D 24 décembre 2012     H 18:52     A Traitgenevois     C 0 messages


« Tout autour s’étendait la Champagne pouilleuse. Puis la région s’est appelée la Champagne améliorée et pour finir la Champagne enviée. Avant la guerre les rendements y étaient très faibles et les fermes travaillaient avec des chevaux. A présent, si mon père voyait les rendements...Aujourd’hui l’on y travaille avec des tracteurs et des machines énormes ».
 
Lorsque Henri Coulonval se met à raconter, c’est toute une vie oubliée qui surgit du passé.
Le village s’anime et résonne à nouveau du pas des chevaux dans les rues. Pierrot, Sansonnet ou Dudule le grand rouge, un entier, ont été amenés au village par leurs propriétaires.
C’est un jour de pluie et bon nombre d’agriculteurs sont venus,qui chez le charron, qui chez le maréchal-ferrant ou le bourrelier.
 
"Ces jours là mon père me disait : on va avoir de la visite Les paysans venaient souvent discuter avec nous à la boutique, même s’il n’avaient rien à faire réparer. Nous échangions les dernières nouvelles, parlions de la famille... "
Oui, tout un passé révolu revit à travers ces récits et pour les conter, Henri Coulonval n’a pas son pareil.
 
C’est le 28 août 1926, dans le département de l’Aube, que naît Henri Coulonval. Son père, Léon Coulonval, exerce la profession de sellier-bourrelier depuis déjà plusieurs années. En 1893 il a appris son métier chez un maître bourrelier, Monsieur Milon, dont l’atelier était situé à Brevonnes (Aube).
La guerre de 1914/1918 le retiendra quatre années durant loin de chez lui.
 
Henri est dans les bras de sa mère. Son père est sur le pas de la porte à côté des ses deux commis.
 
A son retour il ira travailler pour un patron avant de reprendre une bourrellerie dans un village de la campagne troyenne. A cette époque, le travail est abondant et deux ouvriers sont à l’ouvrage avec lui. Le cheval est alors roi dans la plaine champenoise.
Toutes les fermes possèdent leurs animaux de trait. La terre de cette partie de Champagne est légère et se travaille bien.La sellerie-bourrellerie entretient le matériel de 420 chevaux dispersés dans les fermes alentour.
 
La demande est importante mais il faut travailler dur. Les journées de travail font facilement dix heures et l’atelier est à l’œuvre 6 jours par semaine.
 
"Mon père m’a raconté l’histoire d’un ouvrier qui était venu chercher du travail chez lui en 1925. Il venait de la Meuse. Quand il a su qu’il n’y avait « que » 6 jours de travail, il a tout de suite accepté de s’embaucher. Là d’où il venait, la semaine se terminait le dimanche à quatre heures l’après-midi, ensuite il fallait nettoyer l’atelier. Il ne restait pas grand chose comme temps libre..."
 
Dans ces années là, un commis qui travaillait à la sellerie touchait un salaire mensuel d’environ 300 francs. Par comparaison le kilo de pain en 1925 coûtait à Paris 1,58 franc. 300 francs en 1925 équivalent à environ 245 euros actuels.

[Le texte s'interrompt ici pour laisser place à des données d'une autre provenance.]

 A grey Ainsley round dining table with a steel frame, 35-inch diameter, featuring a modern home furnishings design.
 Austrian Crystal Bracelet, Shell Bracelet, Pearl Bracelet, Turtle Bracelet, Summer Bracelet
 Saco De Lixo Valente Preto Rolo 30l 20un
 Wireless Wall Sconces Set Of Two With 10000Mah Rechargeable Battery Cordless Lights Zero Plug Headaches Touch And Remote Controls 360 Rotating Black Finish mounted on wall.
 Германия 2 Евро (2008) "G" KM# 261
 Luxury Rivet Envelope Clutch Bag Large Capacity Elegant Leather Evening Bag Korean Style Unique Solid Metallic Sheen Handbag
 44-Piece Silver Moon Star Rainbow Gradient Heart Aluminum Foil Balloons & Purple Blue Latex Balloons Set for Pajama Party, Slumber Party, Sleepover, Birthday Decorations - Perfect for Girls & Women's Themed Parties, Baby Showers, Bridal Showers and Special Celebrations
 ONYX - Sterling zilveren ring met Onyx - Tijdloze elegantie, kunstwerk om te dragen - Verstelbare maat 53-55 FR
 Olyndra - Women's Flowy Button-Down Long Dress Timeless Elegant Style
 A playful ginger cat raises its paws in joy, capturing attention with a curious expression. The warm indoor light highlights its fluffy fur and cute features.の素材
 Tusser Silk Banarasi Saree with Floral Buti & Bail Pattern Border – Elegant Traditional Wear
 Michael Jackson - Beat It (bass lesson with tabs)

Le pays est envahi lors du deuxième conflit mondial. Le bâtiment qui abrite la bourrellerie échappe de peu aux bombardements qui touchent le village en 1940.Le toit et un mur de l’atelier sont cependant endommagés par une bombe tombée tout près.
La famille se résout à l’exode puis revient peu après.
 
Les dégâts du bâtiment sont réparés. C’est à ce moment qu’est mis en place cet ensemble de petits tiroirs dans lesquels est rangée toute la petite quincaillerie nécessaire à une bourrellerie.
 
Le travail reprend à l’atelier mais la guerre va bouleverser les habitudes et engendrer de nouvelles contraintes. 
Après l’armistice de juin 1940, les troupes d’occupation ont la main-mise sur toutes les denrées.
 
Daniel*D. Tickets de rartionnement. Wikipédia.
Tenir une bourrellerie n’est pas chose aisée à cette époque. Les fournitures sont soumises à de nombreuses restrictions.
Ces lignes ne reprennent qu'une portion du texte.